Renin-angiotensin II and sympathetic systems are required to maintain the hypertension of Myh11-Rac1^flox/flox mice. (A) Summary of the evolution of indicated physiological parameters and regulatory molecules (left) in Myh11-Rac1^flox/flox mice upon the tamoxifen-induced recombination step in the Rac1 locus (data are derived from those shown in Fig. 6). Upregulated (red boxes on basal lane) and downregulated (blue boxes underneath basal lane) responses are indicated. The time after the recombination step is indicated at the top. Effects induced by the indicated drug treatments on either tamoxifen-treated Myh11-Rac1^flox/flox (Capt column) or wild-type (AngII, AngII+ARI, and Atr columns) mice are also shown (see the box on the right for other symbols used in this panel). Capt, captopril; ARI, adrenergic receptor inhibitors; Atr, atropine; N.D., not determined. (B) Evolution of mean arterial pressure of tamoxifen-treated Myh11-Rac1^flox/flox mice upon the indicated drug treatments.
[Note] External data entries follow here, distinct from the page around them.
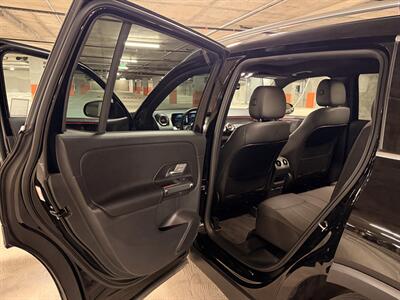 2022 Mercedes-Benz GLB GLB 250   - Photo 16 - Canoga Park, CA 91303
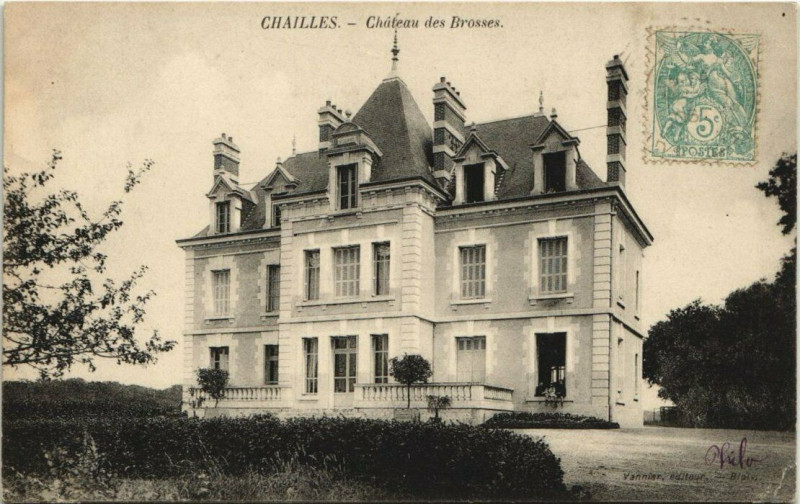 Carte postale ancienne Chailles-Chateau des Brosses à Chailles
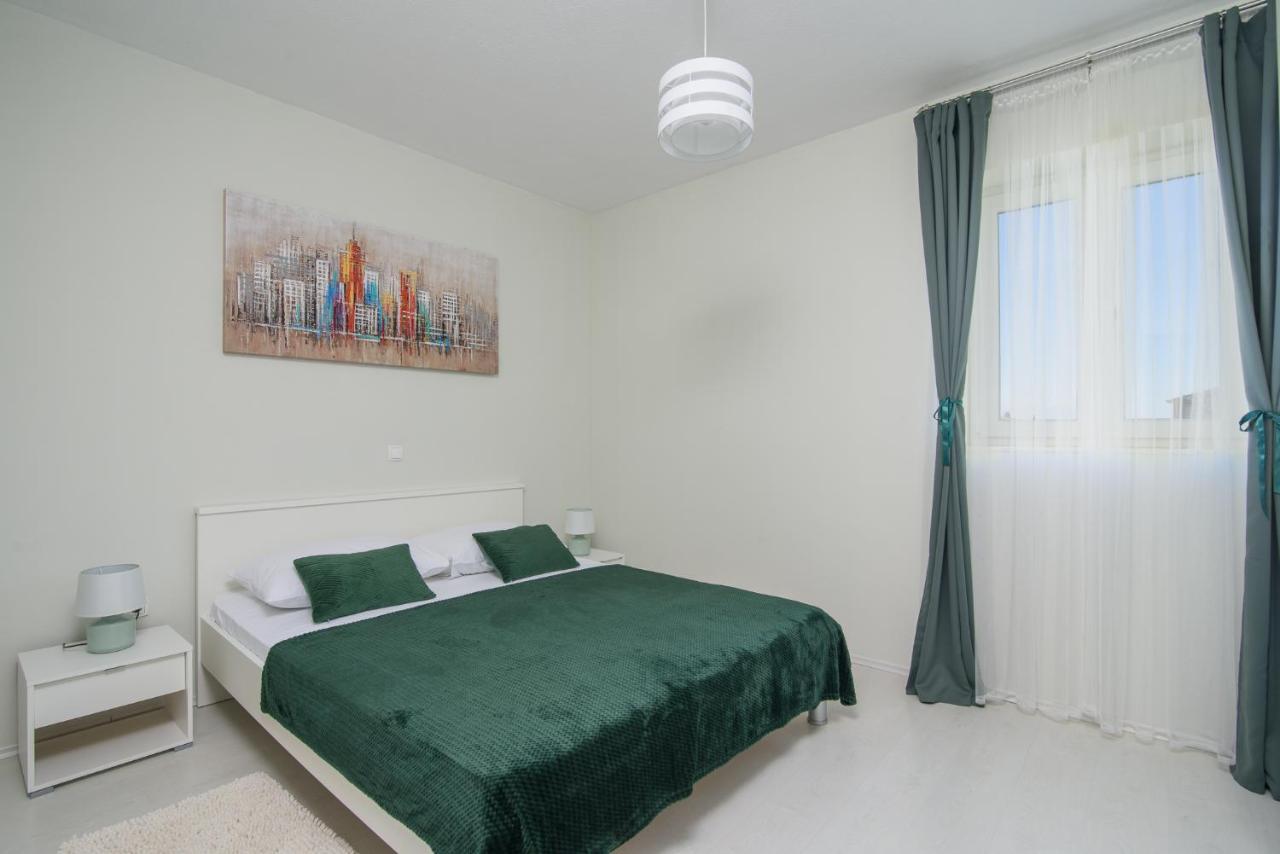 Vila Rozarija Trogir Luaran gambar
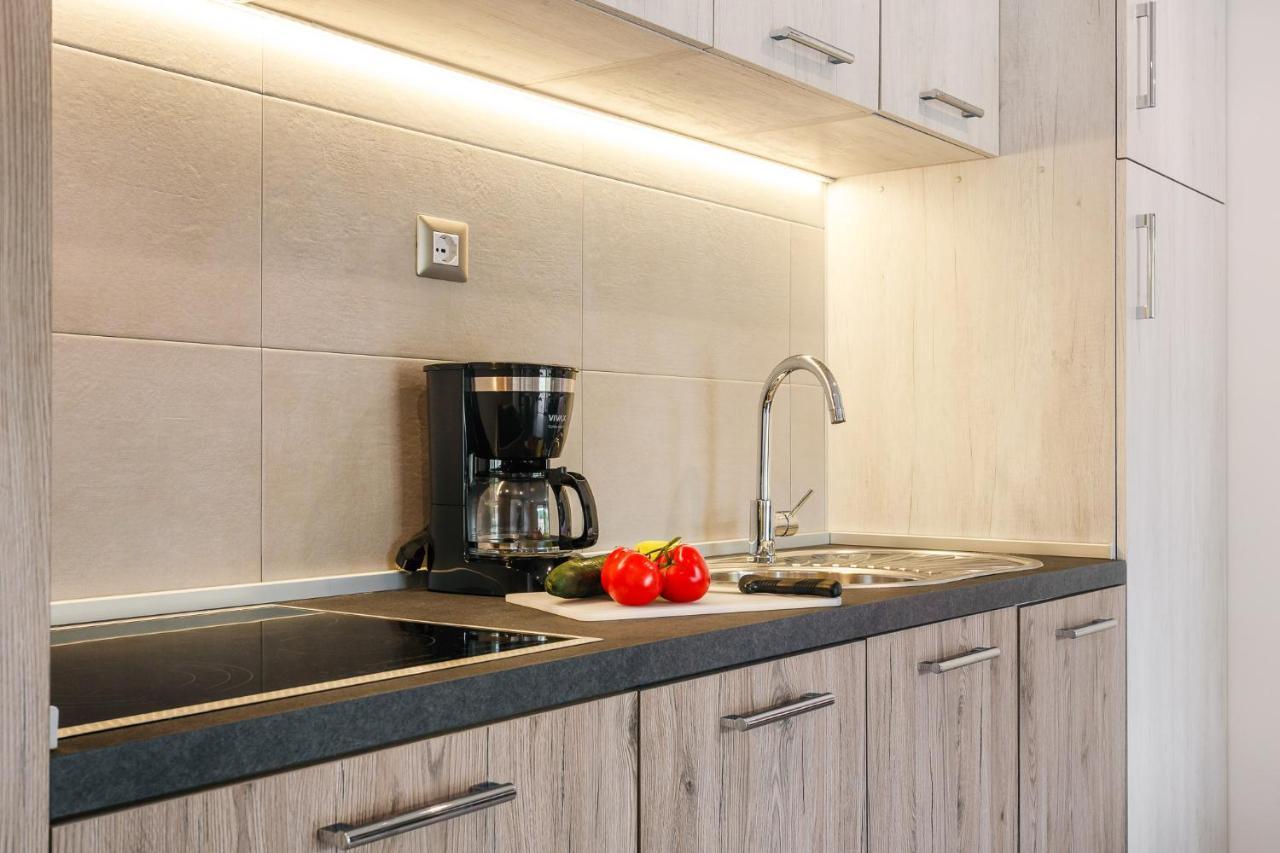 Premium Camping Homes Santa Marina, Lanterna Tar-Vabriga Екстериор снимка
A shaded area indicates the time of administration of each drug. As a control, we included the mean arterial pressure of control, oil-injected Myh11-Rac1^flox/flox mice. P ≤ 0.05 (*), P ≤ 0.01 (**), and P ≤ 0.001 (***) relative to oil-injected mice at the indicated experimental time points (n = 4). (C, left) Mean arterial pressure of Myh11-Rac1^flox/flox mice that, 4 weeks after the injections with tamoxifen, were treated with the indicated drugs for 1 week. (Right) Mean arterial pressure of Myh11-Rac1^flox/flox mice treated with the indicated treatments before and after being injected with either oil or tamoxifen. Recordings were done 1 week after the indicated injections. In both cases, we include for comparison the arterial pressure values of control mice simply injected with oil. Sild, sildenafil; Prop, propranolol. **, P ≤ 0.01 relative to oil-injected mice (n = 4). Error bars represent the SEM.